■ Information given

[Start of section]

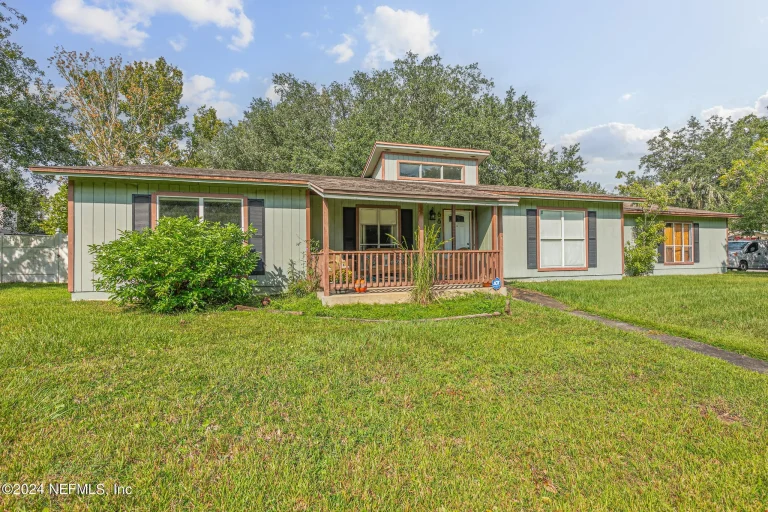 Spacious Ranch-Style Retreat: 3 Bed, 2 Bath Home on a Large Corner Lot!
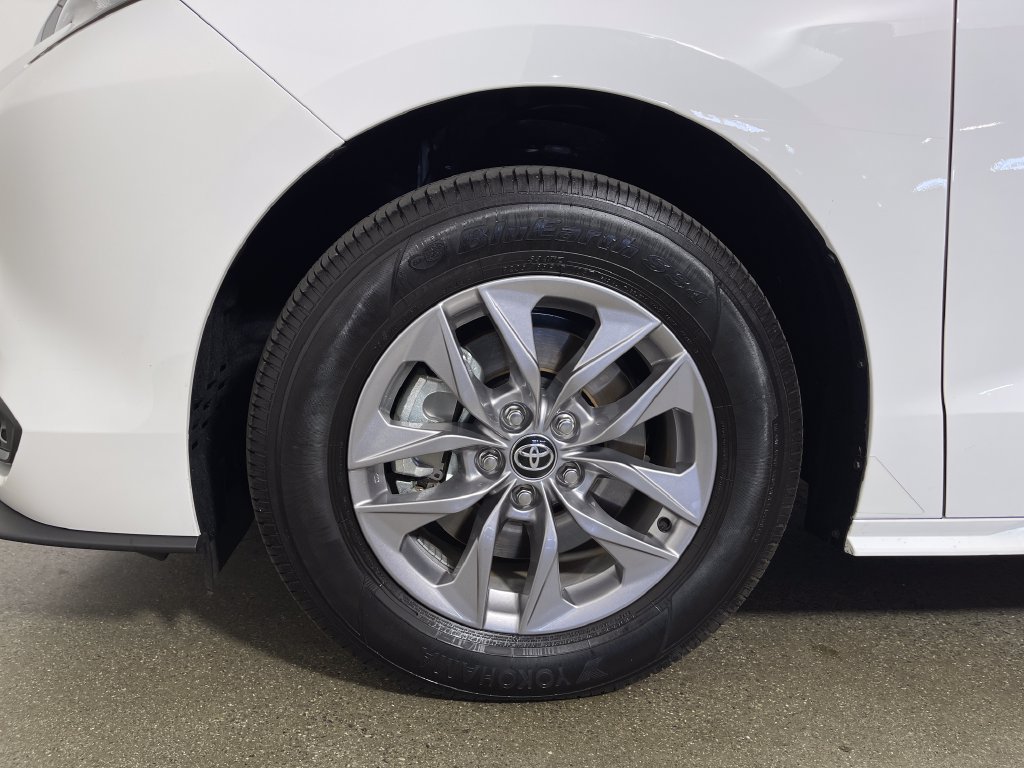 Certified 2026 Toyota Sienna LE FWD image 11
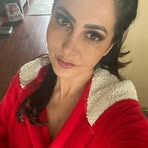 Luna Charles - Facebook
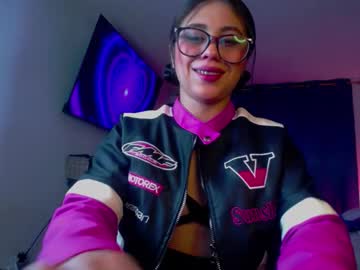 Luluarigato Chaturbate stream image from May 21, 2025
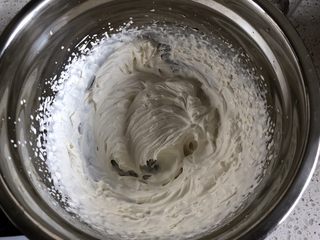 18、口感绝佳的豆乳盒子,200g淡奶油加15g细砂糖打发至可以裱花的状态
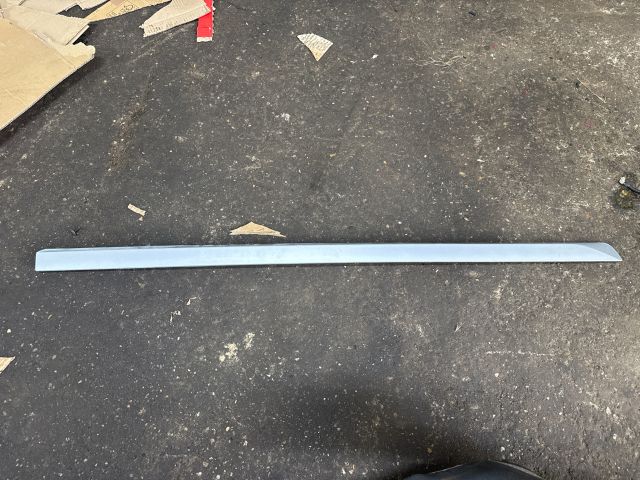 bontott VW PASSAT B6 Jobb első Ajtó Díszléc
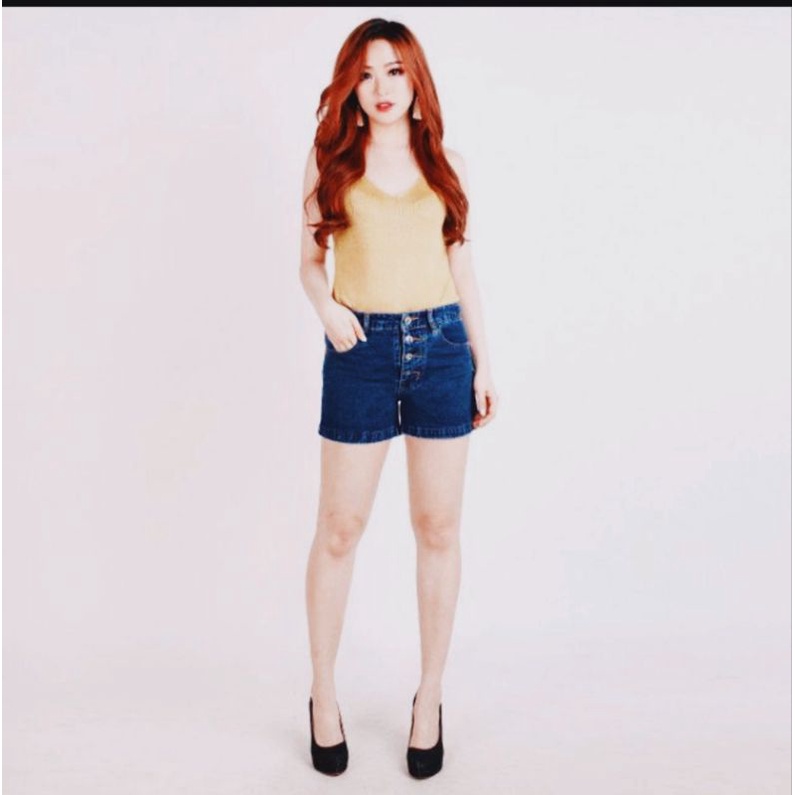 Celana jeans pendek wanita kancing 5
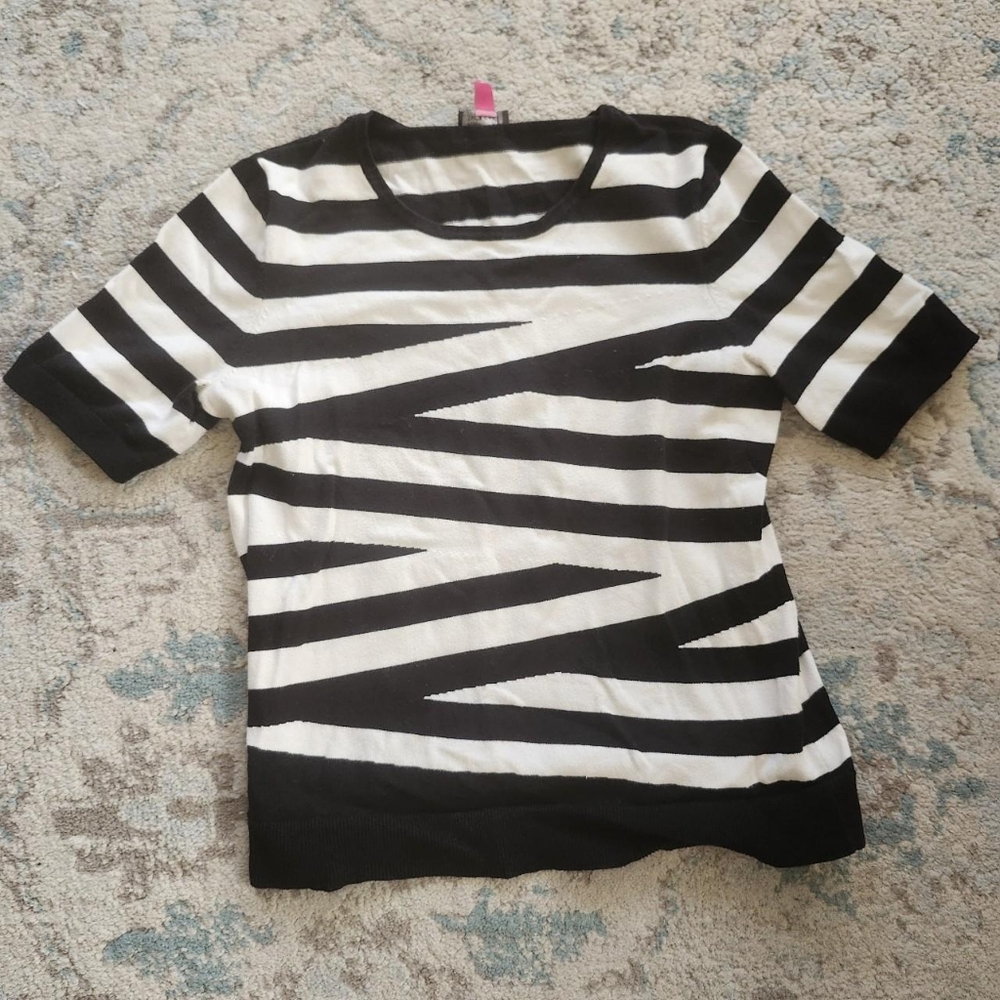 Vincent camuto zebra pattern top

[End of section]

■ Required work
Go back to the line that contains "bontott VW PASSAT B6 Jobb első Ajtó Díszléc" and copy it, along with each line after it through the end of the listing above, exactly and without pictures.

■ Answer section
 bontott VW PASSAT B6 Jobb első Ajtó Díszléc
 Celana jeans pendek wanita kancing 5
 Vincent camuto zebra pattern top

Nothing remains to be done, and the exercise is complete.